A top Senator confronted Walmart’s privacy chief with questions about how the company conducts online tracking through its website during a hearing to discuss the potential for nationwide consumer data protections on Wednesday.
U.S. Senator Maria Cantwell of Washington held up a graphic that showed Walmart’s website contains 19 trackers, which are common throughout the internet. Cantwell apologized for singling out Walmart but questioned whether consumers were well-informed about the types of data online trackers can collect.
“You should be more upfront about that,” Cantwell said. “That’s just a little too vague on what’s happening to information and data.”
Nuala O’Connor, SVP and chief counsel for digital citizenship at Walmart, said that the trackers do not enable Walmart to share personally identifiable information with third-parties outside the company, and they are used to make its services better.
“Most of what you saw ... is likely online tracking that we do of ourselves to see who’s coming to the website,” O’Connor said. “To see how long they’re staying, to better service you on a return visit, so that as you probably note when you leave and you’ve got something in your basket, it should hopefully be there when you return.”
“We do not sell or lease personally identifiable information about our customers outside of the Walmart family,” O’Connor said.
The line of questioning touched on some of the core issues before Congress as it crafts online privacy legislation—which entities should be allowed to track consumers, collect their data online; and how can those practices be explained to consumers in a simple way. The Senate is considering a number of competing proposals to reign in online data abuses, and O’Connor was among the experts called into testify. Julie Brill, former commissioner of the Federal Trade Commission and current corporate VP and deputy general counsel at Microsoft, also testified.
Despite the light call-out of Walmart’s tracking, the session was mostly tame and far less tense than similar proceedings over the past two years that have featured executives from Facebook, Google and Twitter.
Cantwell opened her remarks on Wednesday by noting that all five members of the panel are “people I know for sure care for privacy.”
In contrast, Senator Sherrod Brown had lambasted Facebook as “dangerous” in a hearing in July that included an executive from the social network.
The Senators are drafting bills that would increase the oversight power of the FTC, restrict how companies collect and share consumer data online, and provide a nationwide set of rules that would guide companies instead of a patchwork of regulations coming out of every state. Industries, especially advertising, worry that states could all go their own way and pass laws like the California Consumer Privacy Act that is taking effect in 2020.
“We are scrambling to be ready for the Jan. 1 compliance date at Walmart in California,” O’Connor said. “And to echo what has already been said, simply adding more complexity to consumers lives is not actually, I think, helping their privacy.”

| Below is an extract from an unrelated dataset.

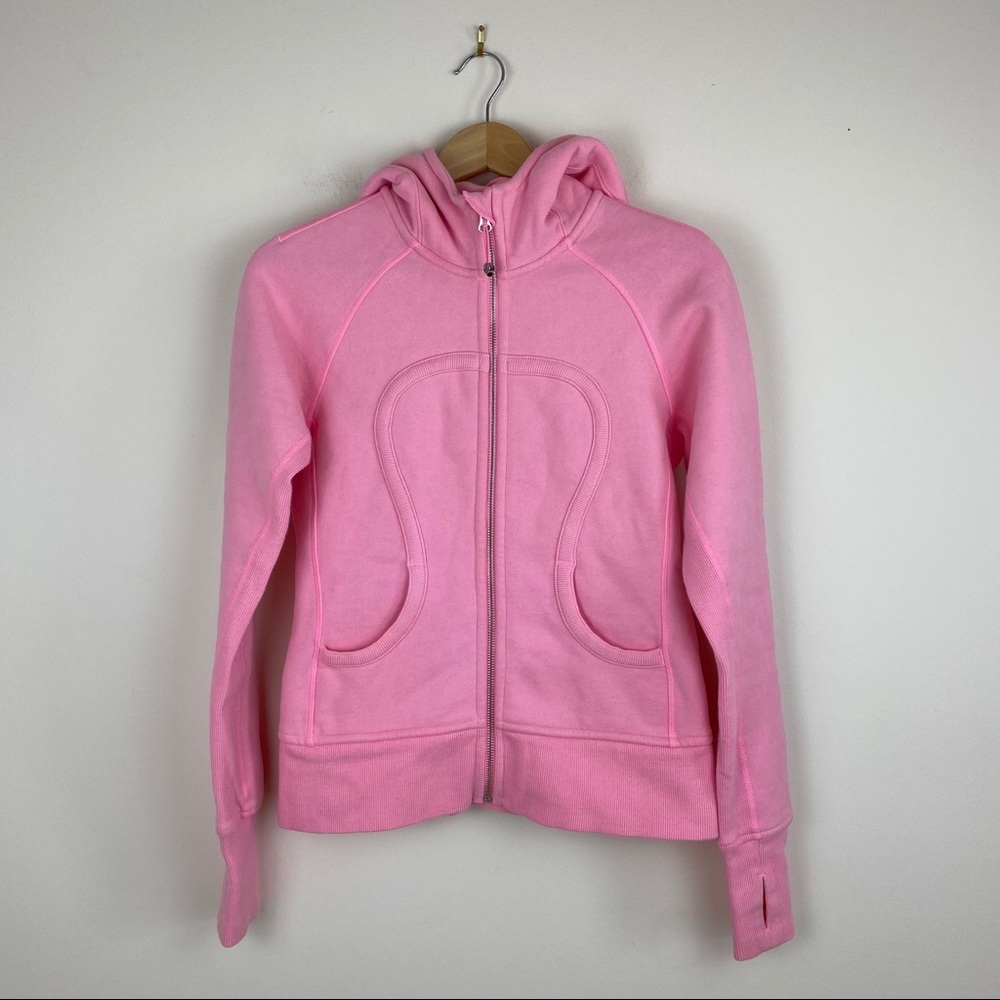 Lululemon Scuba Hoodie *Stretch Pink Shell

The ad industry has been preparing for new rules on privacy by lobbying for its own protections as lawmakers write the bills. Just this week, the ad industry group Privacy For America issued a policy “framework” that represented input from five major advertising trade organizations.
Advertising companies and major brands are concerned that the strictest privacy measures will leave them at a disadvantage compared to the top companies in tech like Facebook, Google and Amazon. These three tech giants, for instance, have larger online platforms with direct relationships, making it easier to obtain consent from consumers to use their information.
Brill, Microsoft’s counsel, argued for some leeway when it comes to third-party data sharing, which would let companies piggyback on other companies’ relationships with consumers to make use of that data.
There is concern that Congress is placing too much emphasis on third parties, Brill said. “We need to recognize that small businesses often need to rely on third parties,” Brill said. “They don’t have within their own structures a full soup-to-nuts advertising program or a full slate of the kind of data that they would need to reach consumers.”
Some senators seem to be most-swayed by the “competition” argument, worried about enacting regulations that would stifle startups that are not as well-equipped to respond to the government’s new demands.
“The road to protecting consumers’ privacy is many times paved with good intentions,” said Maureen Ohlhausen, co-chairwoman of 21st Century Privacy Coalition, “but very difficult and fraught with peril.”